### TASK ITEM
Below are records; extract exactly the lines from the one with "Solid Mugavu Tv Stand" through the final line, including both, but drop the pictures.

Records from a data collection
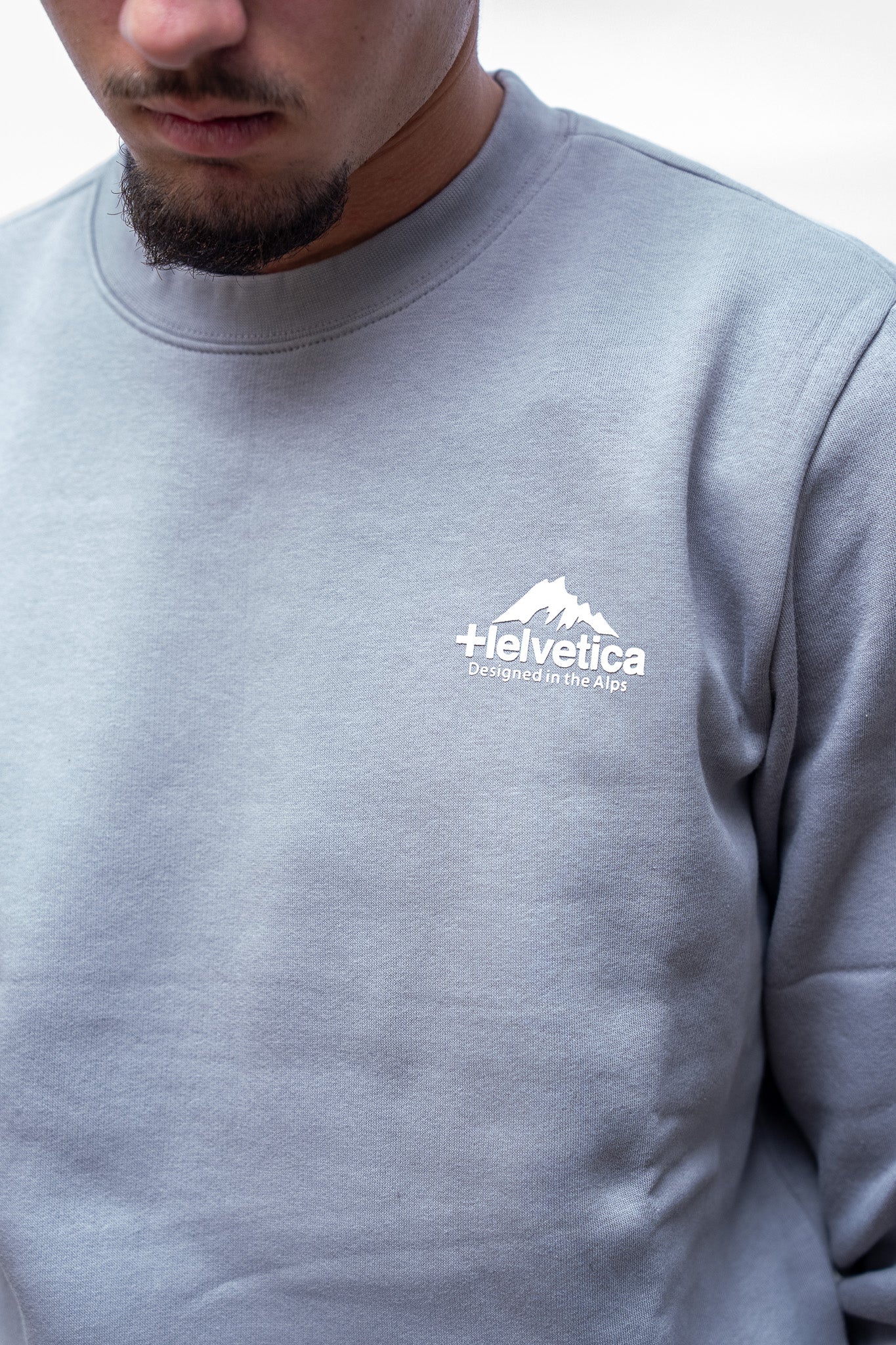 Pull HELVETICA  ALLEN GRIS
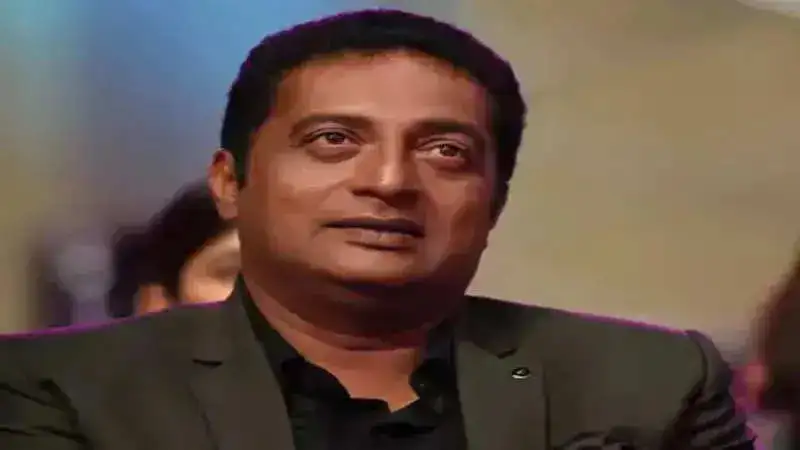 Prakash Raj responds to Besharam Rang saffron bikini controversy, lends support to Deepika Padukone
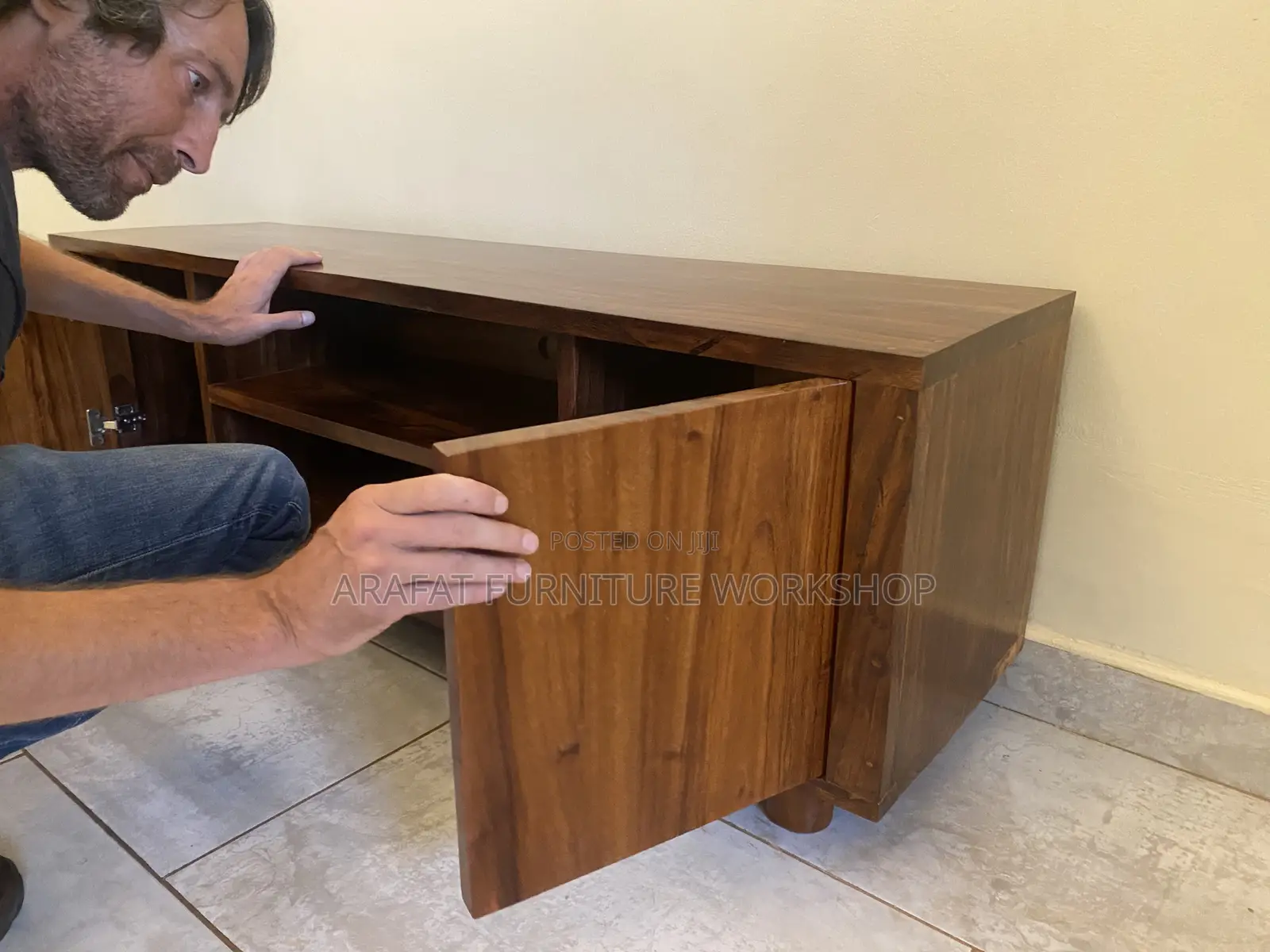 Solid Mugavu Tv Stand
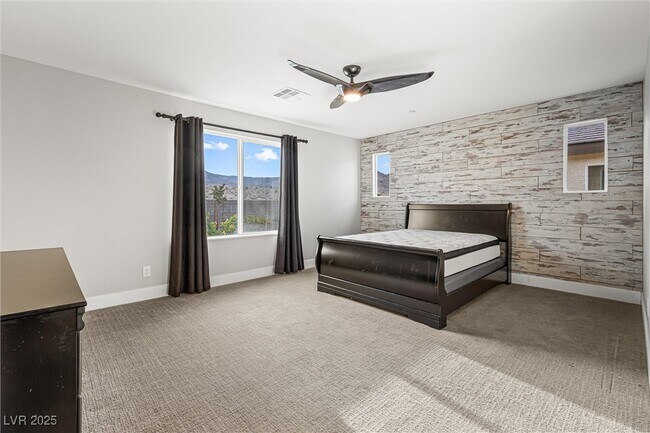 Building Photo - 4631 Amazing View St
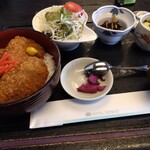 お食事処 多七 - タレカツ丼。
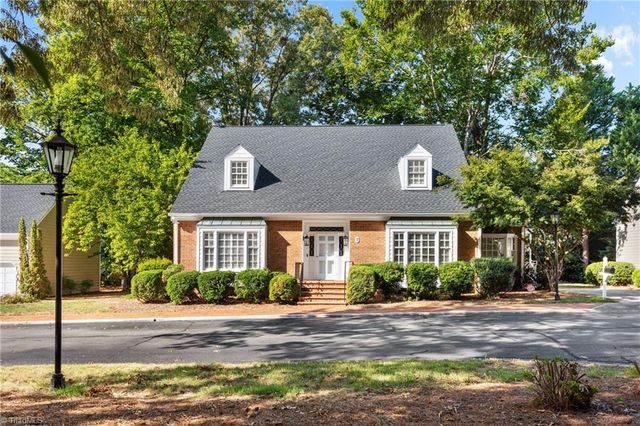7 Ashton Square, Greensboro, NC 27408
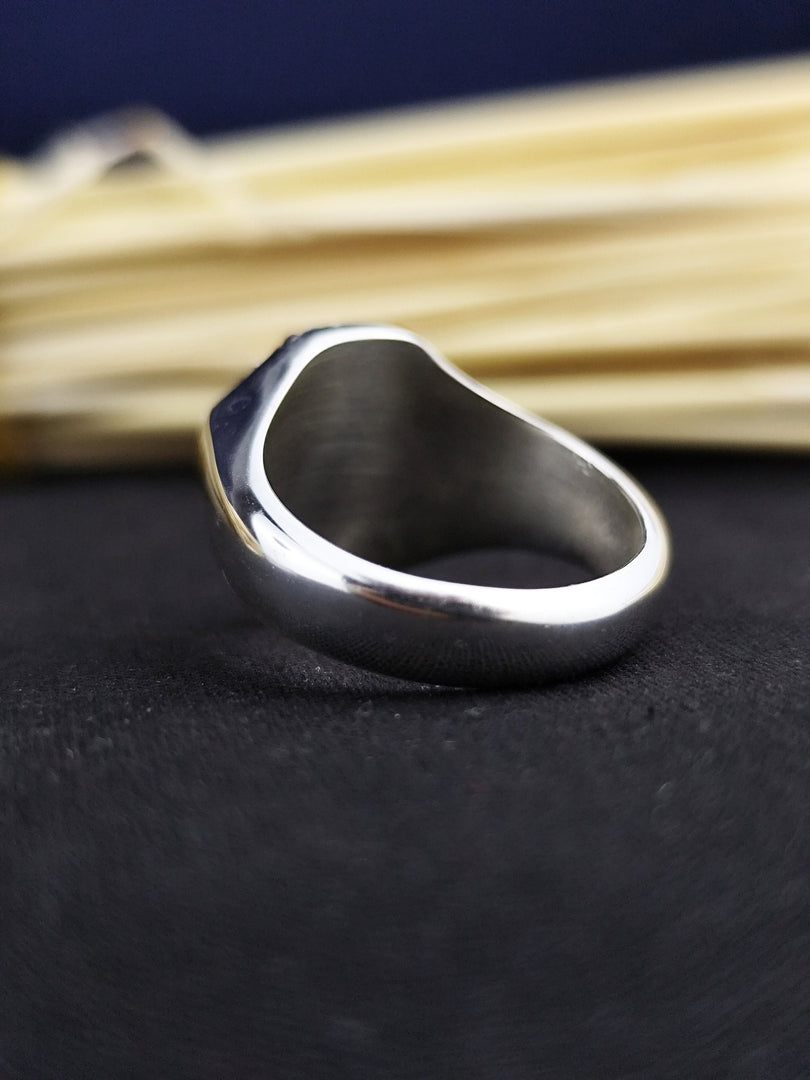 Silver family crest ring with personalized coat of arms engraving, designed for those who value heritage. A meaningful and stylish way to celebrate ancestry, perfect for gifting.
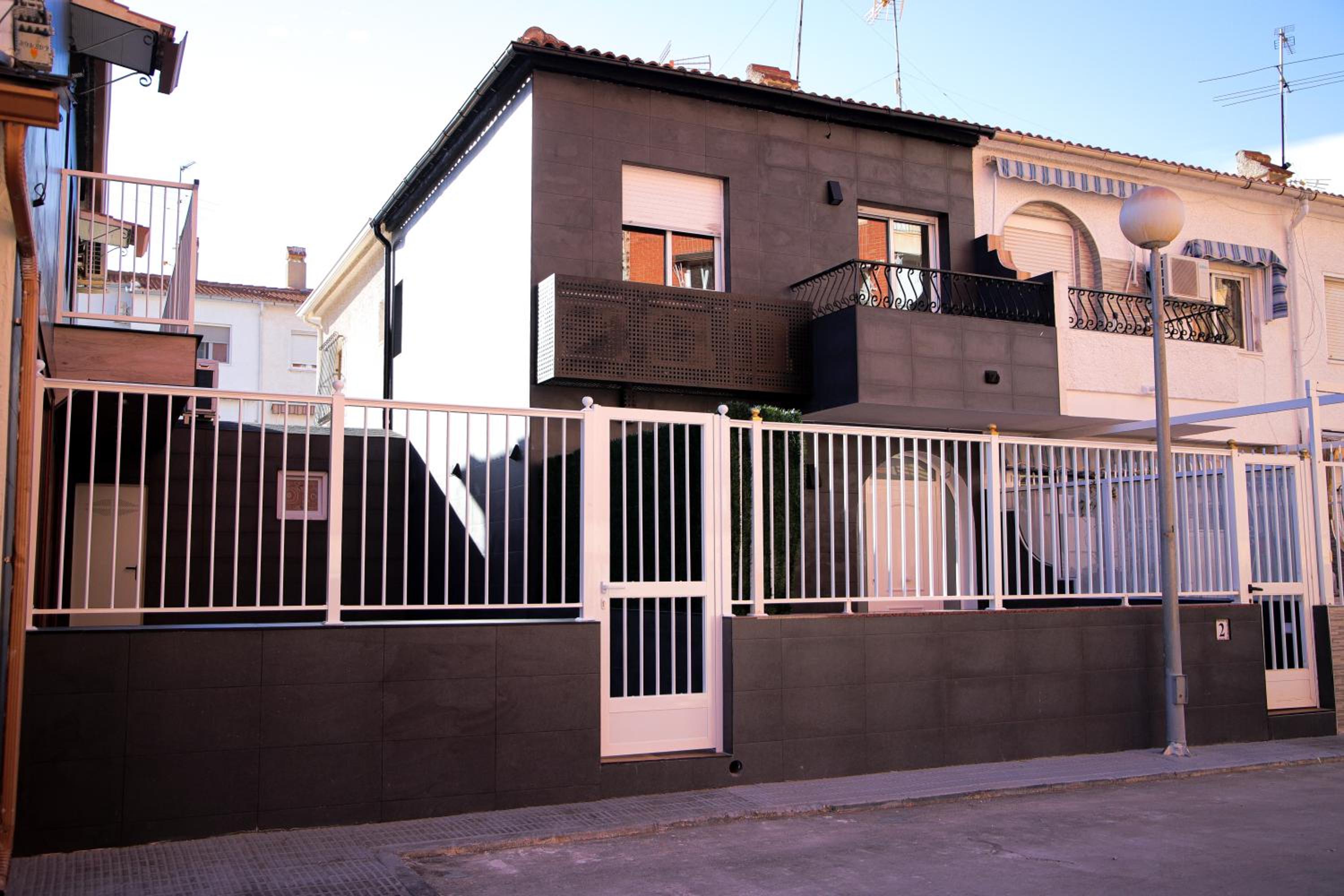 APARTAMENTO SANTA POLA ZONA CLUB NAUTICO PISCINA COMUNITARIa 2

### RESULT
 Solid Mugavu Tv Stand
 Building Photo - 4631 Amazing View St
 お食事処 多七 - タレカツ丼。
7 Ashton Square, Greensboro, NC 27408
 Silver family crest ring with personalized coat of arms engraving, designed for those who value heritage. A meaningful and stylish way to celebrate ancestry, perfect for gifting.
 APARTAMENTO SANTA POLA ZONA CLUB NAUTICO PISCINA COMUNITARIa 2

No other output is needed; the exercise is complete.